Now comes Jon Mitchell on ReadWriteWeb, reporting that "Kindle Sales Plummet". He claims that sucks but I think he's exaggerating. Anyway, Amazon doesn't exactly report its sales of Kindles, so it takes a little bit of sleuthing to infer this. Mainly the inference comes from E Ink Holdings, which supplies the screens for Kindles, reporting that it had a quarterly loss due to a lack of orders from its biggest customer (aka Amazon).
What makes this double-interesting is that it appears that sales of Kindle Fires are also dropping, too. ISC reported that sales of all Android-based tablets dropped in Q1 2012, including Kindle Fires. This isn't hugely surprising to me, given both Apple's splashy announcements and that fact that Android tablets had a stronger-than-expected holiday season in 2011. It will be interesting to see how that holds up over the next couple of quarters.

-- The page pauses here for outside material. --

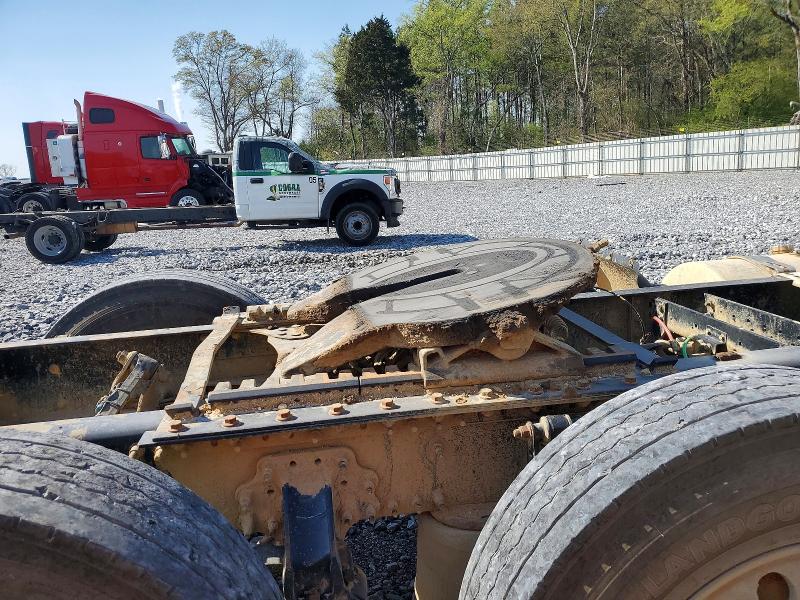 2019 Volvo VIN 4V4WC9DH9KN216977 COPART salvage auction — ROLLOVER, Salvage Title, sold $350 on 2026-07-30 (photo 6)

At the same time, I'm interested to see that more publishers (of news, this time) are backing away from iPad-as-platform. As an MIT alum I got a notice from Tech Review that they are ditching their iPad app. The reasons are strictly financial - it cost a bundle and made no money - but it's a strong cautionary tale for people and organizations that are thinking about taking the Apple golden handcuffs. TR notes that the Financial Times also made a similar decision recently, and that both TR and FT have moved to a free/open model based off HTML5.
I feel like we're in the very early stages of a chess game - most of the things being moved are pawns, and people are just beginning to consider how they're going to achieve strategic objectives like "control the center of the board". I would not be surprised to see tentative moves and hanging back from most of the major players through the next 6-8 months as everyone waits to see how things shake out and what happens to early risk-takers.